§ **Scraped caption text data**
- - - - - - -

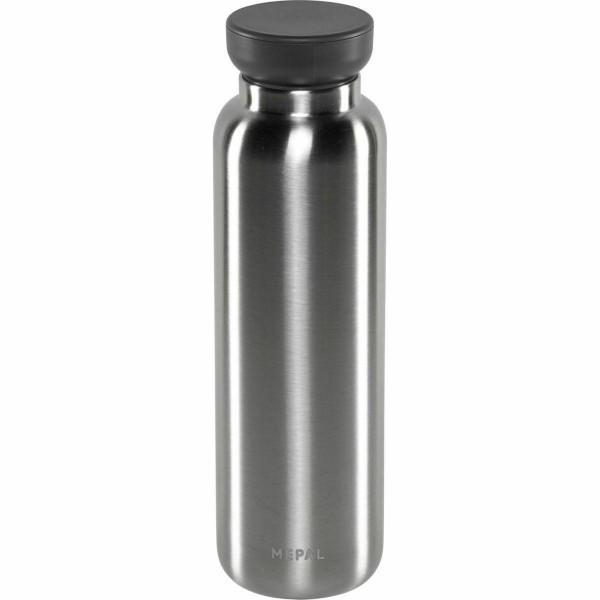 Mepal Ellipse Μπουκάλι Θερμός 900ml, Stainless Steel (104172046800)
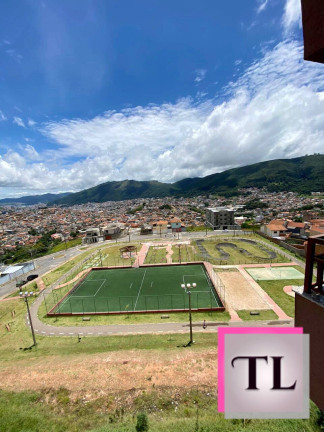 Imagem Apartamento com 3 Quartos à Venda, 95 m² em Monte Verde Ii - Poços De Caldas Imagem Apartamento com 3 Quartos à Venda, 95 m² em Monte Verde Ii - Poços De Caldas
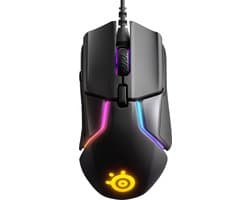 SteelSeries Rival 600 - Optische Gaming Muis - 12000 CPI - Zwart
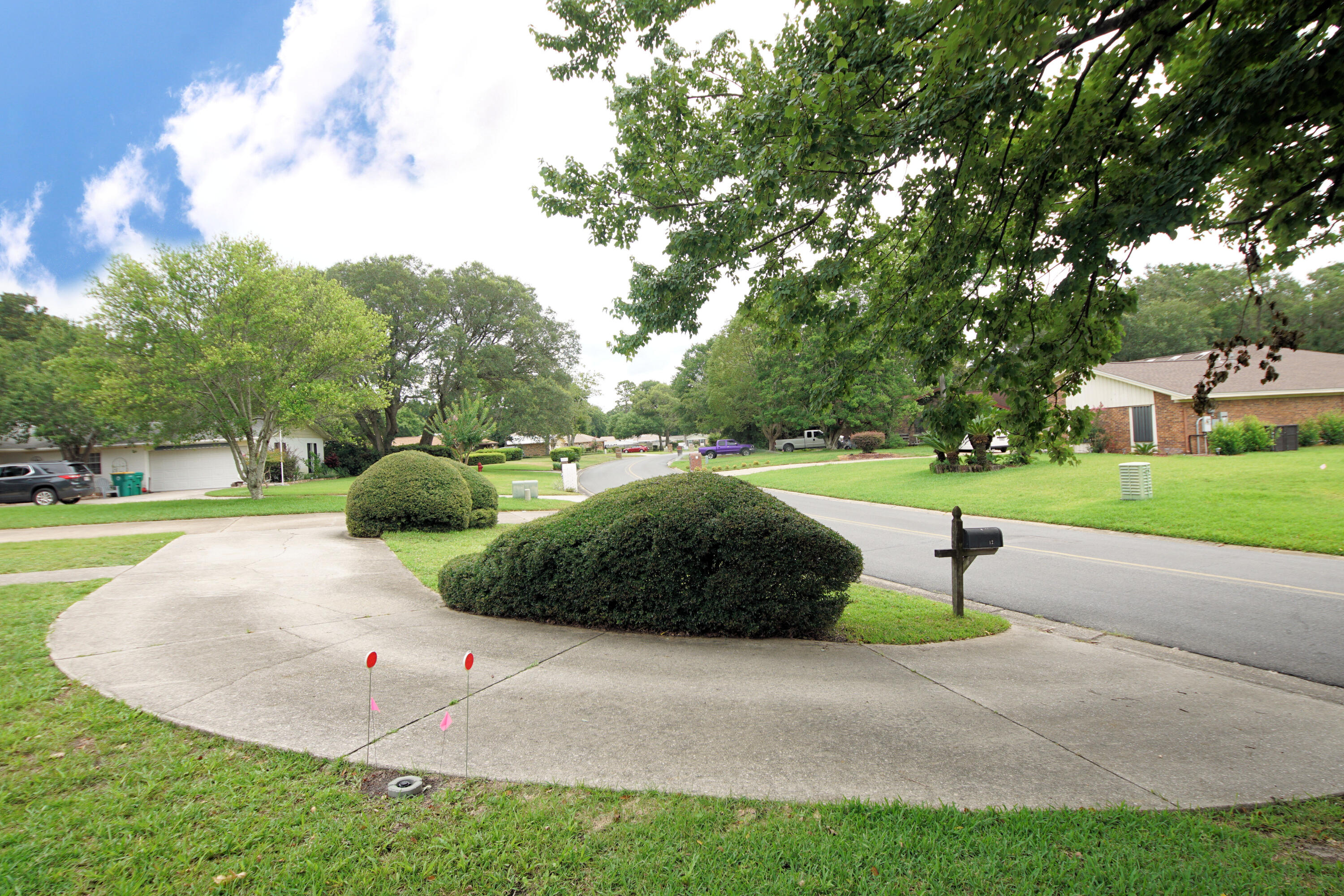 LAKE LORRAINE ESTATES 3 - Residential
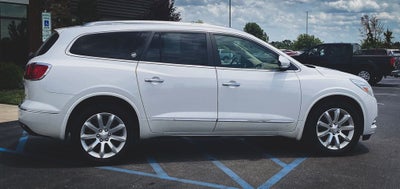 2016 Buick Enclave Premium Group
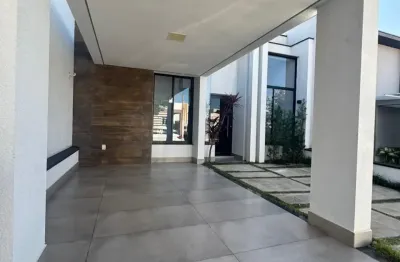 Casa em condomínio fechado com 3 quartos para alugar no Jardim Montreal Residence, Indaiatuba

- - - - - - -

Output exactly the lines from the one containing "2016 Buick Enclave Premium Group" through the last line of the records above, both included, and leave out the pictures.

§ **Problem solution**
 2016 Buick Enclave Premium Group
 Casa em condomínio fechado com 3 quartos para alugar no Jardim Montreal Residence, Indaiatuba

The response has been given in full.